Before you proceed with getting the resale tax certificate or certificates you need, you must determine which states you’ll need one from. If you’re a local store that doesn’t ship out of state, then you’ll only need a resale certificate from your own state. If you’re an online seller, you can get help from your online marketplace. Marketplaces like Amazon (and others) maintain contact lists for every state where sellers sell and ship items. Don’t neglect the information you’ve learned about sales tax nexus. It will influence which state you’ll need a resale certificate in, and what your responsibilities are in collecting and sending sales tax.
Once you know the states where you need a reseller permit or certificate, then you can start applying for them.
- Get your state’s application form – You can apply online in most cases. It’s free to apply for a resale certificate in most states, but a few charge a small fee.
- Get your required documents together – It’s smart to keep your corporate documents altogether. You can keep them in a secure online folder or in a paper folder. These are some of the basic documents you’ll need when completing applications:
- IRS EIN Number
- Articles of Incorporation or Organization
- Driver’s License or Verified Real ID
- Bank Information
- Names and Addresses of Suppliers/Vendors
- Estimated Sales Revenue
- Complete the form, upload or submit documents, and if necessary, pay the fee.

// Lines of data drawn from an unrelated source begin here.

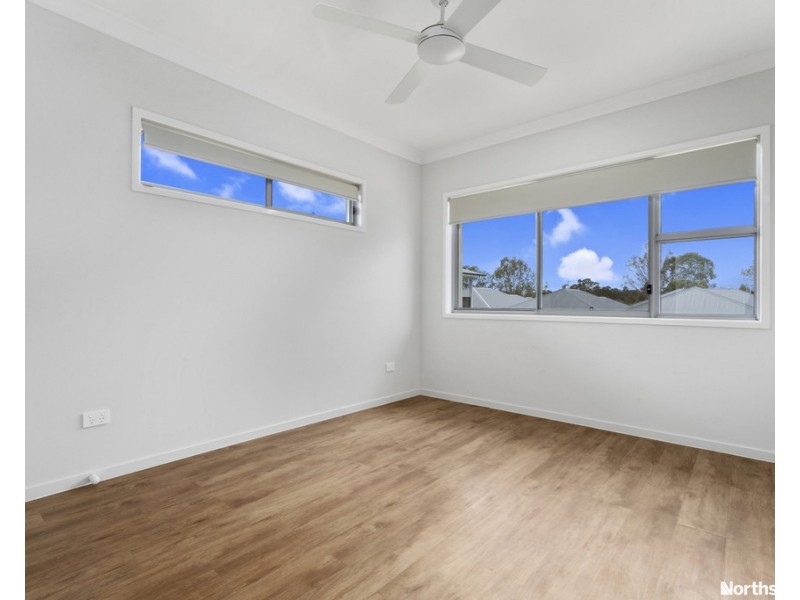 8/5 Pine Valley Dve, Joyner QLD 4500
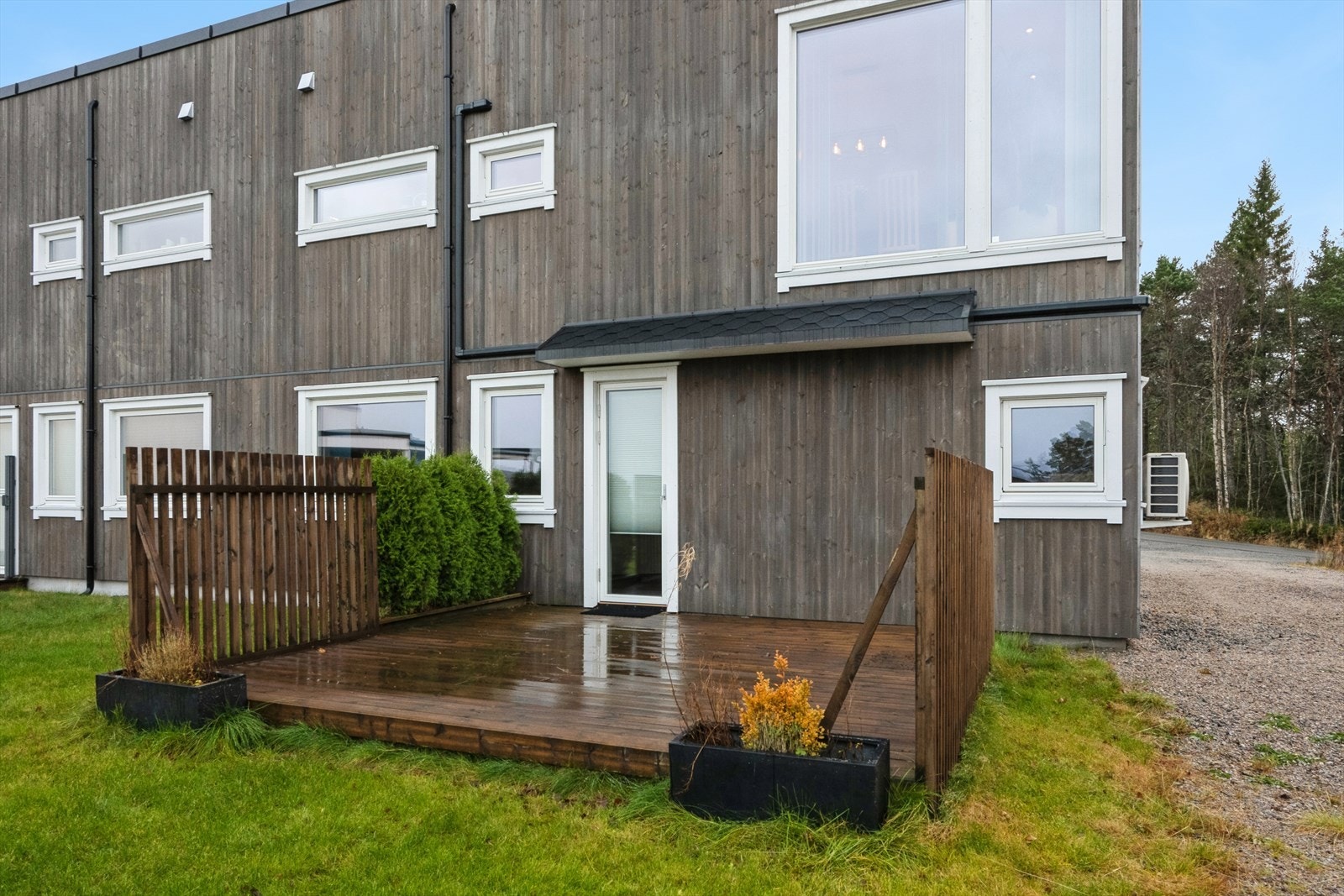 Uteplass på begge sider av boligen. Lettstelt uteområdet. Galleribilde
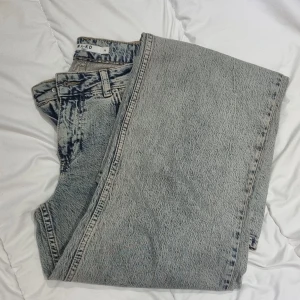  jeans  NA-KD - Snygga grå jeans från NA-KD med en klassisk femficksdesign. De har en ljus tvätt och en bekväm passform. Perfekta för en avslappnad stil. Straight low waist cut, new collection!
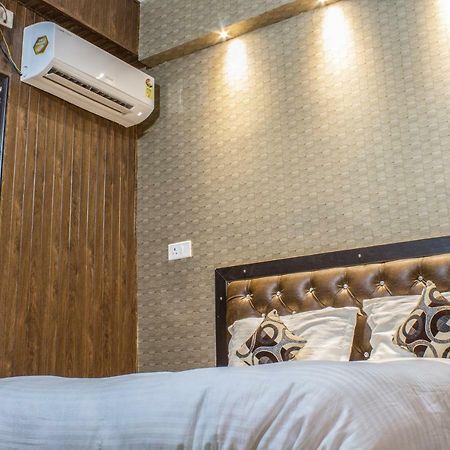 Hotel Varanasi Ganges 외부 사진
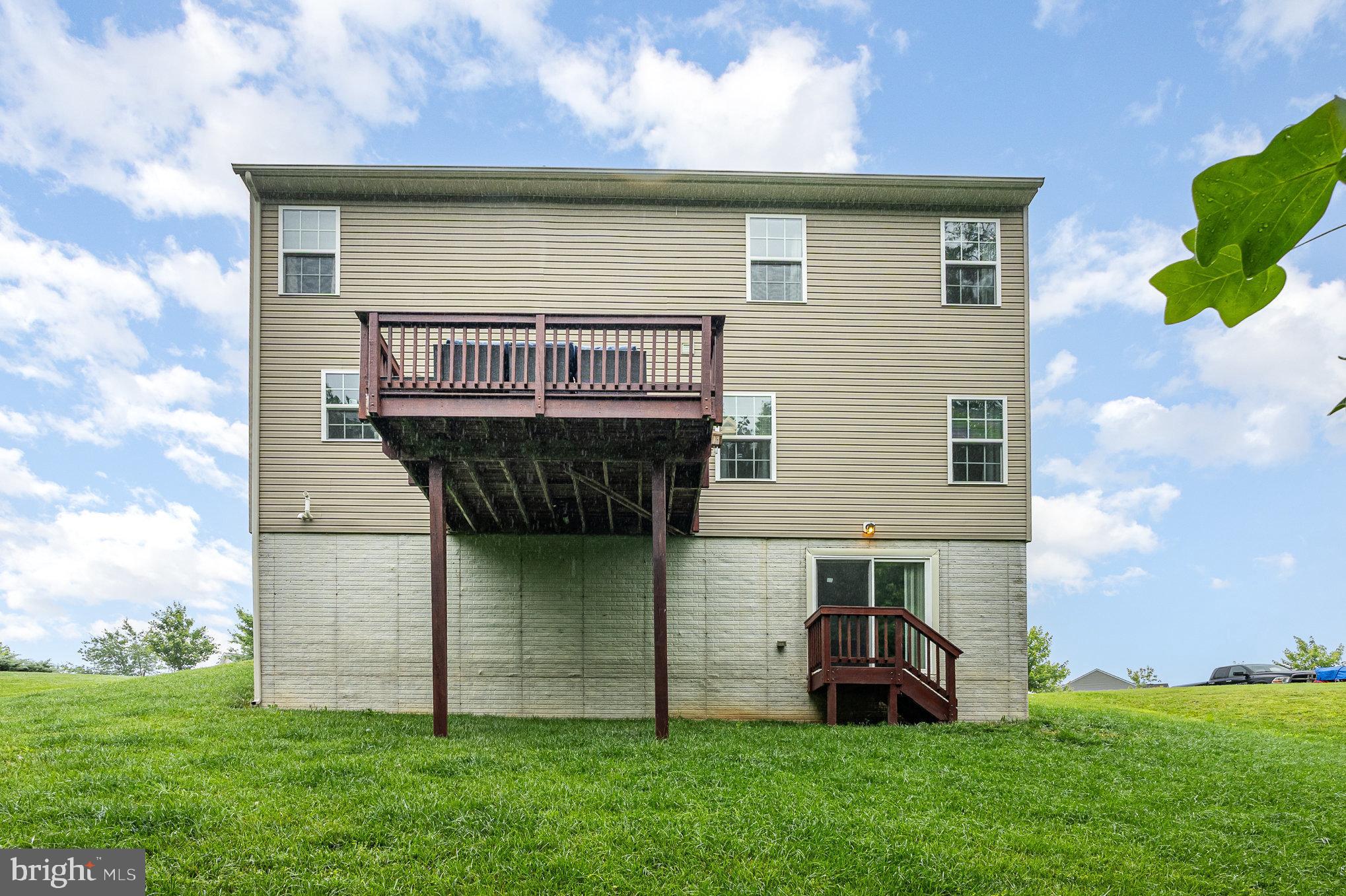 WALNUT HILL - Residential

- Find out if you will need to renew the permit – Some states allow you to use the permit without renewal. Others require regular renewals each year or every few years.
Is a resale certificate the same as a tax-exempt certificate?
Generally these terms are referring to a document or permit that has the same effect: They allow a retailer to avoid paying sales tax on purchasing goods or materials that will later be resold or will be used in a product that will be sold later on. These prevent a retailer from both paying sales tax on the initial purchase as well as remitting sales tax on their final sale.
What is the difference between a seller’s permit and a resale certificate?
A seller’s permit allows you to sell items for retail (to an end customer) or wholesale (to someone who will resell the items). A resale tax certificate allows you to buy wholesale goods and not pay sales tax. It also certifies you to sell items for retail in a specific state, but you will also be required to send the sales tax you collect to the state.